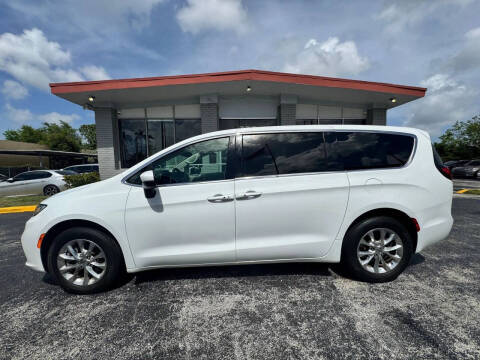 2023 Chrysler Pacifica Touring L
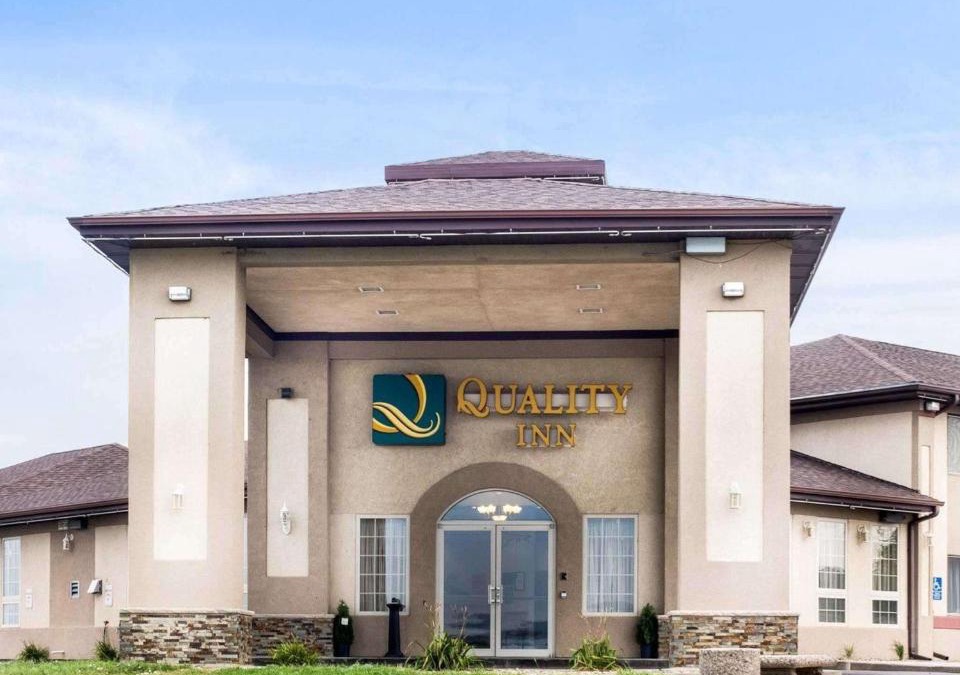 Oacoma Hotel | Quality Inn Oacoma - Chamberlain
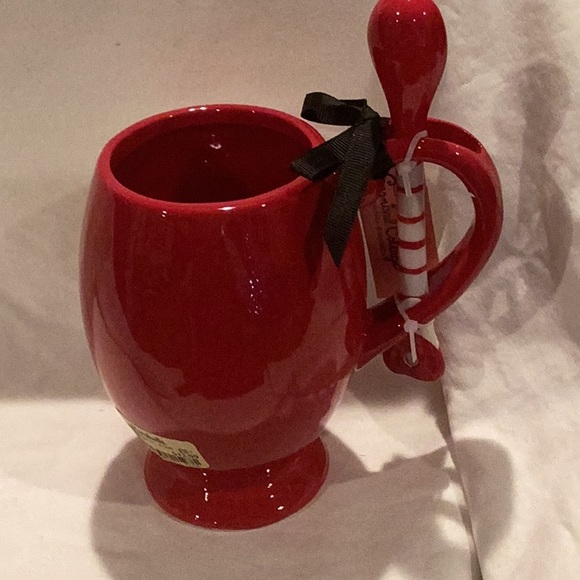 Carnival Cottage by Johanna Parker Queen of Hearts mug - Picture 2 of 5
==
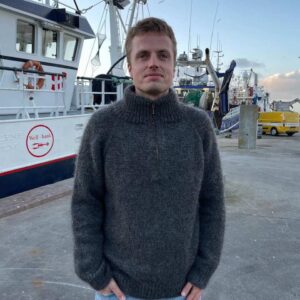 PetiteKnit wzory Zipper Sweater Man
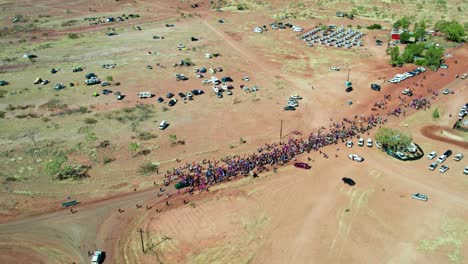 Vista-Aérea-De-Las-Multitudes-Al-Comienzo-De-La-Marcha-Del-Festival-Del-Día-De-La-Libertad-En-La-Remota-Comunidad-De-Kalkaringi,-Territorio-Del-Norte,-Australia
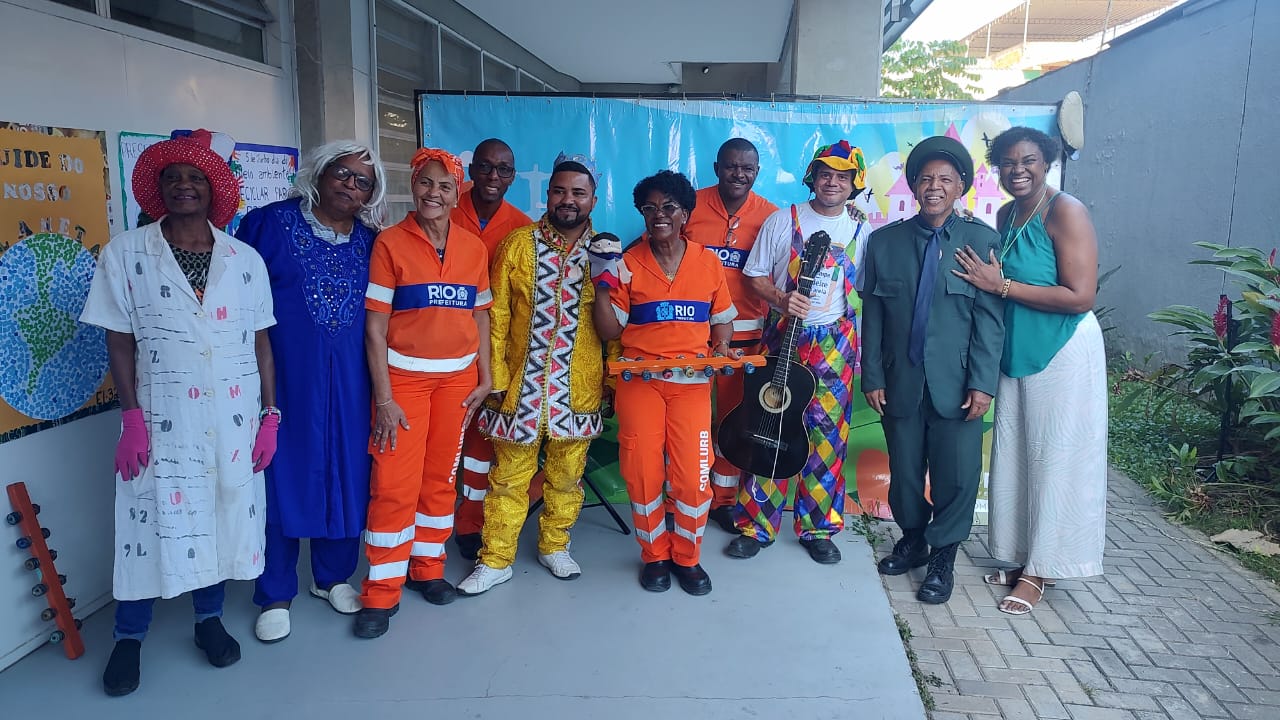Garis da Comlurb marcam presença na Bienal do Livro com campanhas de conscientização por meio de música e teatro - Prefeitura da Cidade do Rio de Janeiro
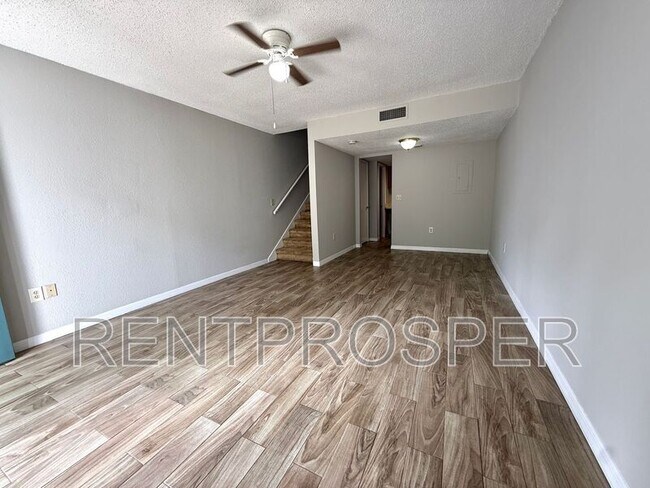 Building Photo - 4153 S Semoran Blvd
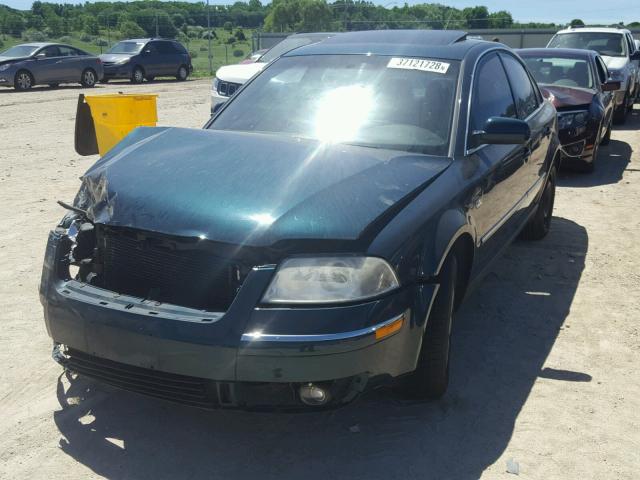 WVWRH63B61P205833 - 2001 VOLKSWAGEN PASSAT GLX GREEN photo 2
--
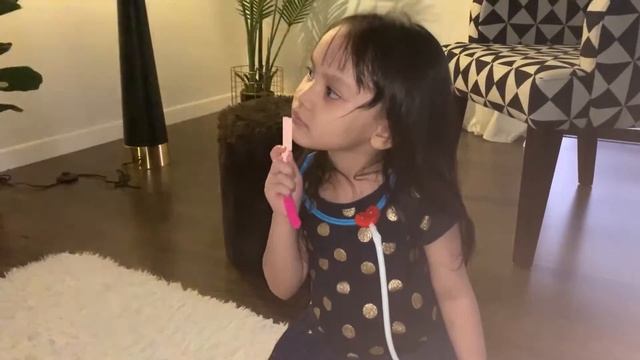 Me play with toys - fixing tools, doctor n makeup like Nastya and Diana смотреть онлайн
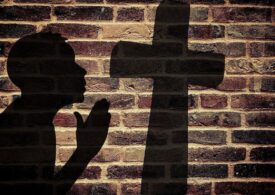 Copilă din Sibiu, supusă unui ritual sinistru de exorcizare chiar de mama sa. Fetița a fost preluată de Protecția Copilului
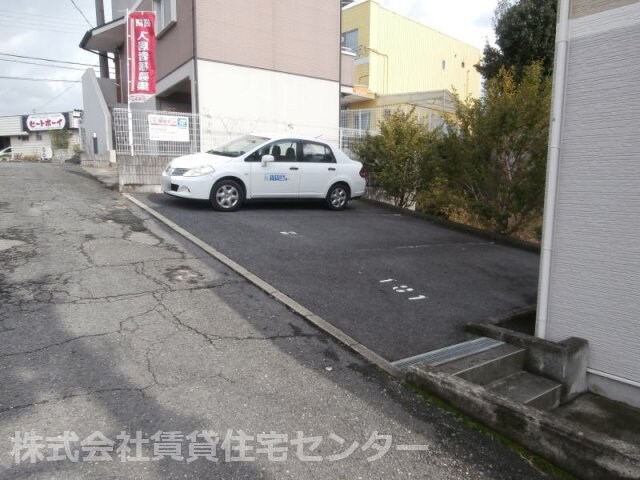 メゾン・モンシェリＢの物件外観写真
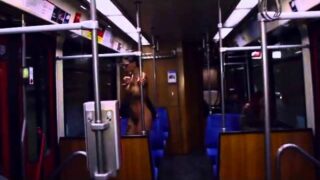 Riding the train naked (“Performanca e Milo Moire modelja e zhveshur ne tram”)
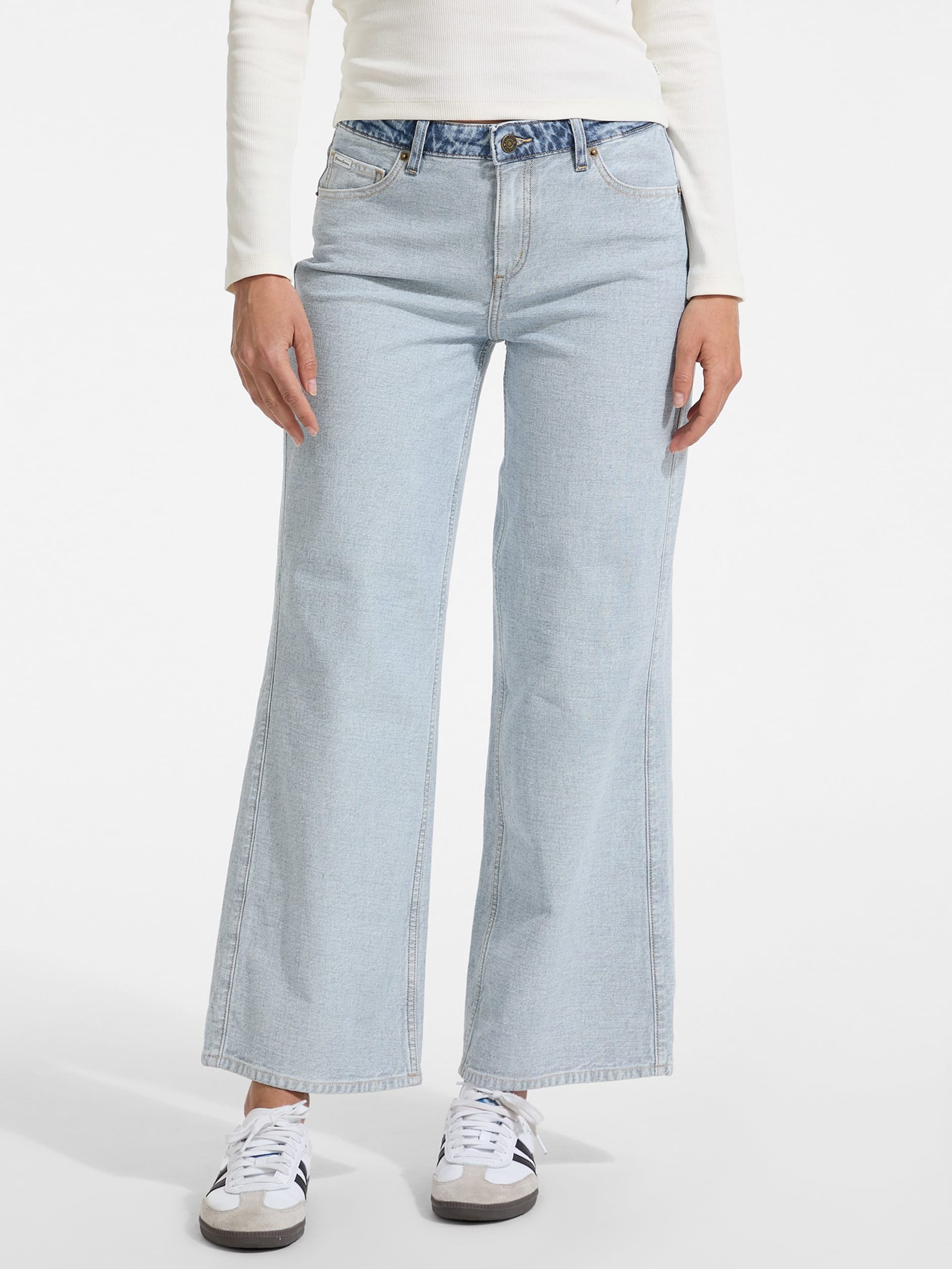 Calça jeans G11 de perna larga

**TASK BRIEF**: Restate word for word every line from the one with "Garis da Comlurb" up to and including the one with "WVWRH63B61P205833 - 2001" in the records above, minus the pictures.

**EXERCISE OUTPUT**:
Garis da Comlurb marcam presença na Bienal do Livro com campanhas de conscientização por meio de música e teatro - Prefeitura da Cidade do Rio de Janeiro
 Building Photo - 4153 S Semoran Blvd
 WVWRH63B61P205833 - 2001 VOLKSWAGEN PASSAT GLX GREEN photo 2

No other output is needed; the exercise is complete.